Information supplied
⟨

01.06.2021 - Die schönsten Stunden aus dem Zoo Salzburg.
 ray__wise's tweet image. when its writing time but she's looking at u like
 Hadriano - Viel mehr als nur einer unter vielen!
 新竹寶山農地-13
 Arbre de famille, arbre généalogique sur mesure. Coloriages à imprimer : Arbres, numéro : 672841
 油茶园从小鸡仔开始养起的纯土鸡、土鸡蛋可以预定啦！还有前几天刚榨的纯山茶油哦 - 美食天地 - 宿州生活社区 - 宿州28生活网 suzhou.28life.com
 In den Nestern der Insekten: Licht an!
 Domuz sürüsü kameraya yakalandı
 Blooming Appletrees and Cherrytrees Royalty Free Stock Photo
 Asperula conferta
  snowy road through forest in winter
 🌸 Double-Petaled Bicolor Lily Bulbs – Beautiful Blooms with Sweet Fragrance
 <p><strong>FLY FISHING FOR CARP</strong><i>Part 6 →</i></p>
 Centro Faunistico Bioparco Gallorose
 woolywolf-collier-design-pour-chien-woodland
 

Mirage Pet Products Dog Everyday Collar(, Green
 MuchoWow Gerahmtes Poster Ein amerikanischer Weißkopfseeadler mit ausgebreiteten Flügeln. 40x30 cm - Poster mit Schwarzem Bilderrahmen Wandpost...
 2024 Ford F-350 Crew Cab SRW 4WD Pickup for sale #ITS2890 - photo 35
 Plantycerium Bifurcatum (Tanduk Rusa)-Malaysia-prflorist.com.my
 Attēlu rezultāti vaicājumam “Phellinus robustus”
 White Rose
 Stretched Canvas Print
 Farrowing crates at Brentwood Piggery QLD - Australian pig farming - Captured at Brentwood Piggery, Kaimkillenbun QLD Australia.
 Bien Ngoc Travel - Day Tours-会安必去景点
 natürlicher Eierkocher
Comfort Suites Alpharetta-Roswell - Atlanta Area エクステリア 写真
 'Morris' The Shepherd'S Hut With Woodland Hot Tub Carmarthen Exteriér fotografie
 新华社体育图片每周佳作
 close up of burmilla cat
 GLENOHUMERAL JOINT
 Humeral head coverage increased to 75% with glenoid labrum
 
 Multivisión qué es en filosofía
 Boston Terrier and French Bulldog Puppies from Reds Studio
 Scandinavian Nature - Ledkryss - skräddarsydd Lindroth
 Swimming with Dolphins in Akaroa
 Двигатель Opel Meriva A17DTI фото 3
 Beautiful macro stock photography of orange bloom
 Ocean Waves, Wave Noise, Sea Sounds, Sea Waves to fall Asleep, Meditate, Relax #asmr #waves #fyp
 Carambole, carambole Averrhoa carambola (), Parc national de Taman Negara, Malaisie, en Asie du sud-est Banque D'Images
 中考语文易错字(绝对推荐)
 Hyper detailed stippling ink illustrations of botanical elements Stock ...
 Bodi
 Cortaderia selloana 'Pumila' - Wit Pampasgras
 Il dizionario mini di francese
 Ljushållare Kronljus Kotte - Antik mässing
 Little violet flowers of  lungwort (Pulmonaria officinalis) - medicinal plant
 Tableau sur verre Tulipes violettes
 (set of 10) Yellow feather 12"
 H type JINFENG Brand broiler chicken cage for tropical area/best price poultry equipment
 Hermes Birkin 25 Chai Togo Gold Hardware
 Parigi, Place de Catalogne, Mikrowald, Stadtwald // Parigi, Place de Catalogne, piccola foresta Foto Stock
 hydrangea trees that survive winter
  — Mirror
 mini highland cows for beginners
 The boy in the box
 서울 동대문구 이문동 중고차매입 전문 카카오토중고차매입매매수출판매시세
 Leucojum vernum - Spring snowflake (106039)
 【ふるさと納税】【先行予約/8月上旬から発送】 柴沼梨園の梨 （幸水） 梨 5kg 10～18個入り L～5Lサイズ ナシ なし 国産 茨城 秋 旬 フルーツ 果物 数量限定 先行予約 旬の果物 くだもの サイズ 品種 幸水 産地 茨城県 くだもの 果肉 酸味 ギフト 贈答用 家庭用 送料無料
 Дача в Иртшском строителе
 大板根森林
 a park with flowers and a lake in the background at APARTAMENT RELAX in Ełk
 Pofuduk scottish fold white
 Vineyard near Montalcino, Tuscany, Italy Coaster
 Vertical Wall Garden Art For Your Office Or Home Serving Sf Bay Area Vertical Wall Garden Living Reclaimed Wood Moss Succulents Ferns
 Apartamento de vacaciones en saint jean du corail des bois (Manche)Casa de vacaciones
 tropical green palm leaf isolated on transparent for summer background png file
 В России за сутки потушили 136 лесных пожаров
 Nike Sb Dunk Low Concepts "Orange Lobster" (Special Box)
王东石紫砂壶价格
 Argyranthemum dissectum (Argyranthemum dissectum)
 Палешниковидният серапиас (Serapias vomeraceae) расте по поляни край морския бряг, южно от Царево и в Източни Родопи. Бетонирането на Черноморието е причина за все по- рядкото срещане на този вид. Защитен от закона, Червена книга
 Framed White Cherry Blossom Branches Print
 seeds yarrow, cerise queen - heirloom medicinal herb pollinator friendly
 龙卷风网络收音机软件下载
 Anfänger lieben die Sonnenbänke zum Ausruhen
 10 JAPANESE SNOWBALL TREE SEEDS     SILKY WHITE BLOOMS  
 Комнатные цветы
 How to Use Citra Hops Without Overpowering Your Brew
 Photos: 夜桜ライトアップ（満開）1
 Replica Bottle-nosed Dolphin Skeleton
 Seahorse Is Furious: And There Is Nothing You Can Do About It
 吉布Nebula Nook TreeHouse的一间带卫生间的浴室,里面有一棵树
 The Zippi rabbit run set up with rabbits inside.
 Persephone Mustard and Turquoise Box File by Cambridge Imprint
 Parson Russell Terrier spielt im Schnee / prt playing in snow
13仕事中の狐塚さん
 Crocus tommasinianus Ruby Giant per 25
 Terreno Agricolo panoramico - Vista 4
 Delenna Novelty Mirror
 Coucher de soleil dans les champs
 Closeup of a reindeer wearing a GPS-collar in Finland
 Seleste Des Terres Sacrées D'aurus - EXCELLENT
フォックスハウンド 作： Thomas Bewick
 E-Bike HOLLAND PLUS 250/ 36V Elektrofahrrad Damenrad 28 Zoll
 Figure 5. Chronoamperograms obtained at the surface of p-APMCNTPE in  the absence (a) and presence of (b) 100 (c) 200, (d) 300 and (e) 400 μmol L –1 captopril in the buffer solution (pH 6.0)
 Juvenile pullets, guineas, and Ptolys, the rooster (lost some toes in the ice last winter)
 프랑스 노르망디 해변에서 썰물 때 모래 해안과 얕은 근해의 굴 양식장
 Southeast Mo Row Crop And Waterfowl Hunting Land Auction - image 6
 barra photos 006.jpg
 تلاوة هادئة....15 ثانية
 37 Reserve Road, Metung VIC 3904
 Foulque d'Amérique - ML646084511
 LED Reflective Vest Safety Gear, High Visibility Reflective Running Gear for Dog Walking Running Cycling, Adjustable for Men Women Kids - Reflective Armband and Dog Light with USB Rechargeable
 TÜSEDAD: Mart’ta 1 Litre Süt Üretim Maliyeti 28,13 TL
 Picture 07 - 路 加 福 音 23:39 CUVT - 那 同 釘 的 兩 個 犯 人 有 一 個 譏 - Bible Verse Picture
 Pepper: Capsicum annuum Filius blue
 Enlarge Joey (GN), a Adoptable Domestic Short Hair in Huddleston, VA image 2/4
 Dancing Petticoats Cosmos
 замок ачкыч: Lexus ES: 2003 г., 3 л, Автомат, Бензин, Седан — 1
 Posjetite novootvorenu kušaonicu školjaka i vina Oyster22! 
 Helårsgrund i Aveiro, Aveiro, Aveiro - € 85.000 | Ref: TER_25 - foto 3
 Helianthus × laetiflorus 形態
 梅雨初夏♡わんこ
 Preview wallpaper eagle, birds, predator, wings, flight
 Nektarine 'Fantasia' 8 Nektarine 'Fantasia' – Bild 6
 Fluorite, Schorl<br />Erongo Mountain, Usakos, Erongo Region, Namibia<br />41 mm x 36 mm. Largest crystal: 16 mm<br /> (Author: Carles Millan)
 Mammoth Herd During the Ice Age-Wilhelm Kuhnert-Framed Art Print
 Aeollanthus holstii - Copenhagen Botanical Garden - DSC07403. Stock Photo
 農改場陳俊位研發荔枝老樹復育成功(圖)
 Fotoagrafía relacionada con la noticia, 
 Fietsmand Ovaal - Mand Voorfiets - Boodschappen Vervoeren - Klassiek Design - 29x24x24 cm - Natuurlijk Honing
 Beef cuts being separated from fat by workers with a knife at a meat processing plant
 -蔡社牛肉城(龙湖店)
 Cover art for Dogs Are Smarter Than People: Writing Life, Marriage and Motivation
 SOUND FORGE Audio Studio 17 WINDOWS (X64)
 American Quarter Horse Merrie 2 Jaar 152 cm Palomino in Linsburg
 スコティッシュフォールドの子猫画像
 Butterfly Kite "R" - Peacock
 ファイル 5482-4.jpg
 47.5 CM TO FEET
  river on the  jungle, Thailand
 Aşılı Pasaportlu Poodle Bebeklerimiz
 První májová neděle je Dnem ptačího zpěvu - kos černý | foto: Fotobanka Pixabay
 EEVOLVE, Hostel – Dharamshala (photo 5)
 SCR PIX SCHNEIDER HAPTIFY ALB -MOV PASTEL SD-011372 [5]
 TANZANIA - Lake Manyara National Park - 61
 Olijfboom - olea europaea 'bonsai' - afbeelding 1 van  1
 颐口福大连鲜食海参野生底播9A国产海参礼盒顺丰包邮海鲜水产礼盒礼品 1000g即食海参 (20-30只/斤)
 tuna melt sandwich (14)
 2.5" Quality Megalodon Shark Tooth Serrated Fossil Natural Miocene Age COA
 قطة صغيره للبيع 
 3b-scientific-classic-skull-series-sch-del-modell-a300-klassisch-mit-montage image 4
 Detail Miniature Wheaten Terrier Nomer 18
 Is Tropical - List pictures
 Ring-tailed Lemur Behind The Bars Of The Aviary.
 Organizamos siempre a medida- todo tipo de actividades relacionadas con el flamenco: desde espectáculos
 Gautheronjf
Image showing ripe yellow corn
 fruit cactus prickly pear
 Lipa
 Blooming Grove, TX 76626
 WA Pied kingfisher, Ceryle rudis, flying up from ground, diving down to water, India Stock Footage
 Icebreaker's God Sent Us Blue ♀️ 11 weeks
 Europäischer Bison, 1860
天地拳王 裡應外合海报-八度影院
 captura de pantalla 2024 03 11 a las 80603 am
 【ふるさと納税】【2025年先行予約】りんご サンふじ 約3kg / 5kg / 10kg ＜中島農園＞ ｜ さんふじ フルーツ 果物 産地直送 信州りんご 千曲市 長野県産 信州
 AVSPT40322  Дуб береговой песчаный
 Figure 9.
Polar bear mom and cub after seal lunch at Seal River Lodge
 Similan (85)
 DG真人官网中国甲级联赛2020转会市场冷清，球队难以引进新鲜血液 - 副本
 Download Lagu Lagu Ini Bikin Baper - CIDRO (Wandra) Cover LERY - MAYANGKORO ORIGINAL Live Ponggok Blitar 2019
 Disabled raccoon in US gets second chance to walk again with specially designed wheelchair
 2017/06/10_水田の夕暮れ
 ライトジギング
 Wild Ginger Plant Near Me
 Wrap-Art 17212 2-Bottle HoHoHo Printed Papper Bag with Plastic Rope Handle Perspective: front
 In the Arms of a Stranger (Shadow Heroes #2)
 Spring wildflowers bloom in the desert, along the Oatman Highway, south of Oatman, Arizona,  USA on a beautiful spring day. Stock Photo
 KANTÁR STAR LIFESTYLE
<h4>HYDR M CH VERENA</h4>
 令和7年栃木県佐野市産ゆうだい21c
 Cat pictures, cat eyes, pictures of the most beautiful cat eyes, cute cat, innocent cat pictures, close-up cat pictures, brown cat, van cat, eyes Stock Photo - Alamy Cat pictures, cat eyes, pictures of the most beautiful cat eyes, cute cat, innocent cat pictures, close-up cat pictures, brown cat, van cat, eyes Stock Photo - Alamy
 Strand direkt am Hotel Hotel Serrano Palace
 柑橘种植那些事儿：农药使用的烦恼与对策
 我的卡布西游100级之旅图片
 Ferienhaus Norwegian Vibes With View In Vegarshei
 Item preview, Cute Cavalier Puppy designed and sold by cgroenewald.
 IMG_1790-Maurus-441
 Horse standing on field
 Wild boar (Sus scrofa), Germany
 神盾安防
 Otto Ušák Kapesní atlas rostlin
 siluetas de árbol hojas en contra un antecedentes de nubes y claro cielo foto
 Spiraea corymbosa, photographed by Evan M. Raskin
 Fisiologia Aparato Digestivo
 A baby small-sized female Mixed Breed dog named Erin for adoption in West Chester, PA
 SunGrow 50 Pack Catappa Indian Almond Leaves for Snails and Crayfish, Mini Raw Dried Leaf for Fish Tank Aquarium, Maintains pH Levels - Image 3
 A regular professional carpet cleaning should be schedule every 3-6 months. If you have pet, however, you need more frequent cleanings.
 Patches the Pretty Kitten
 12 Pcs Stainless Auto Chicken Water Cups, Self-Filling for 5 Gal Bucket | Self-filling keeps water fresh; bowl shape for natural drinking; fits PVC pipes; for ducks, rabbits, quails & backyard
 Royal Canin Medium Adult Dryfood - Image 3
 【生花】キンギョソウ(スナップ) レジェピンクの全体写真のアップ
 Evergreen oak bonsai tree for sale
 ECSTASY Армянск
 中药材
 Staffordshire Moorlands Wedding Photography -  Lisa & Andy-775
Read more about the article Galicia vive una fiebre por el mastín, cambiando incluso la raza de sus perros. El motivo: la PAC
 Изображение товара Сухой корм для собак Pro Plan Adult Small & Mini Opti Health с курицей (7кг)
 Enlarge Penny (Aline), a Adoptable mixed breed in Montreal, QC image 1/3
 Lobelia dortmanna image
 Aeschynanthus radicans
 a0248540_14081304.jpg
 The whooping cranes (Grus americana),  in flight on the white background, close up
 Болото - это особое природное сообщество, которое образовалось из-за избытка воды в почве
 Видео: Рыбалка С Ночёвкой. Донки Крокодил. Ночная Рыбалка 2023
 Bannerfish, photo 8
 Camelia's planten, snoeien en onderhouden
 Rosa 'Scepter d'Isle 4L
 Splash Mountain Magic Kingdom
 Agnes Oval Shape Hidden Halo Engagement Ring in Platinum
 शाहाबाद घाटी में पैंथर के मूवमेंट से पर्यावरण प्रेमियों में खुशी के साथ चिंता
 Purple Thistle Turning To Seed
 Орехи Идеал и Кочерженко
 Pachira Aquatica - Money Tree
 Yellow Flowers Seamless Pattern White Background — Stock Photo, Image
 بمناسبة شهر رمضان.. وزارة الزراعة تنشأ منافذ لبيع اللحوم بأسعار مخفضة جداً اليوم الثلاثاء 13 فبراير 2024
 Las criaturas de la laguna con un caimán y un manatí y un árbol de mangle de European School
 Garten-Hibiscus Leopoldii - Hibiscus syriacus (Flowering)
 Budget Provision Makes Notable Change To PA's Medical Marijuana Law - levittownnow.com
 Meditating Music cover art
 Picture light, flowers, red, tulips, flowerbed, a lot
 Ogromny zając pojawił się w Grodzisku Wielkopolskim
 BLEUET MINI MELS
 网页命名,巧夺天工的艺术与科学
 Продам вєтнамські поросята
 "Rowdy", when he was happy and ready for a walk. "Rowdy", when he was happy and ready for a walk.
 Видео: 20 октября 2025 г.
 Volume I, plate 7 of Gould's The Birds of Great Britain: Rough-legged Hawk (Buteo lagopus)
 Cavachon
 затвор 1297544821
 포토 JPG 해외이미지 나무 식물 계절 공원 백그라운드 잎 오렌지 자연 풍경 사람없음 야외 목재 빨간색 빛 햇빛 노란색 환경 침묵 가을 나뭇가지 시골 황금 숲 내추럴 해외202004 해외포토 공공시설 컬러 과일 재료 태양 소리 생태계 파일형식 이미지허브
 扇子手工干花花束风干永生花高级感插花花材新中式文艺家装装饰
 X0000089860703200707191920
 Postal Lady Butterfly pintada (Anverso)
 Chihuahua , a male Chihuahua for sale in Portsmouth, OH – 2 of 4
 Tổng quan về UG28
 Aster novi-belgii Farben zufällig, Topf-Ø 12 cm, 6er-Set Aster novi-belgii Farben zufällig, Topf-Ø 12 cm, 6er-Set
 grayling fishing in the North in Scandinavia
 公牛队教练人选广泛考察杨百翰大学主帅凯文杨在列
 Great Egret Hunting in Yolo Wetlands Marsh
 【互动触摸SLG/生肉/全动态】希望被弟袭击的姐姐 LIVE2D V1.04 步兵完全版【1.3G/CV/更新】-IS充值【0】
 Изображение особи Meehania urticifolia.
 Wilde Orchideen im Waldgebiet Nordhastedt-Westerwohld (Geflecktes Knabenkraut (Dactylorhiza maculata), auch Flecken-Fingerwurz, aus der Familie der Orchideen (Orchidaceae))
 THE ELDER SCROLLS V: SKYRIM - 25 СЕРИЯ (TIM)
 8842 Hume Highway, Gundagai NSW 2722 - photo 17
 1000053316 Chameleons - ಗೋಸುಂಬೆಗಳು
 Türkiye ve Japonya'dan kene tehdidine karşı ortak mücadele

⟩

Assignment
Transcribe the material exactly, stopping after the "Ocean Waves, Wave" line.

Answer section
01.06.2021 - Die schönsten Stunden aus dem Zoo Salzburg.
 ray__wise's tweet image. when its writing time but she's looking at u like
 Hadriano - Viel mehr als nur einer unter vielen!
 新竹寶山農地-13
 Arbre de famille, arbre généalogique sur mesure. Coloriages à imprimer : Arbres, numéro : 672841
 油茶园从小鸡仔开始养起的纯土鸡、土鸡蛋可以预定啦！还有前几天刚榨的纯山茶油哦 - 美食天地 - 宿州生活社区 - 宿州28生活网 suzhou.28life.com
 In den Nestern der Insekten: Licht an!
 Domuz sürüsü kameraya yakalandı
 Blooming Appletrees and Cherrytrees Royalty Free Stock Photo
 Asperula conferta
  snowy road through forest in winter
 🌸 Double-Petaled Bicolor Lily Bulbs – Beautiful Blooms with Sweet Fragrance
 <p><strong>FLY FISHING FOR CARP</strong><i>Part 6 →</i></p>
 Centro Faunistico Bioparco Gallorose
 woolywolf-collier-design-pour-chien-woodland
 

Mirage Pet Products Dog Everyday Collar(, Green
 MuchoWow Gerahmtes Poster Ein amerikanischer Weißkopfseeadler mit ausgebreiteten Flügeln. 40x30 cm - Poster mit Schwarzem Bilderrahmen Wandpost...
 2024 Ford F-350 Crew Cab SRW 4WD Pickup for sale #ITS2890 - photo 35
 Plantycerium Bifurcatum (Tanduk Rusa)-Malaysia-prflorist.com.my
 Attēlu rezultāti vaicājumam “Phellinus robustus”
 White Rose
 Stretched Canvas Print
 Farrowing crates at Brentwood Piggery QLD - Australian pig farming - Captured at Brentwood Piggery, Kaimkillenbun QLD Australia.
 Bien Ngoc Travel - Day Tours-会安必去景点
 natürlicher Eierkocher
Comfort Suites Alpharetta-Roswell - Atlanta Area エクステリア 写真
 'Morris' The Shepherd'S Hut With Woodland Hot Tub Carmarthen Exteriér fotografie
 新华社体育图片每周佳作
 close up of burmilla cat
 GLENOHUMERAL JOINT
 Humeral head coverage increased to 75% with glenoid labrum
 
 Multivisión qué es en filosofía
 Boston Terrier and French Bulldog Puppies from Reds Studio
 Scandinavian Nature - Ledkryss - skräddarsydd Lindroth
 Swimming with Dolphins in Akaroa
 Двигатель Opel Meriva A17DTI фото 3
 Beautiful macro stock photography of orange bloom
 Ocean Waves, Wave Noise, Sea Sounds, Sea Waves to fall Asleep, Meditate, Relax #asmr #waves #fyp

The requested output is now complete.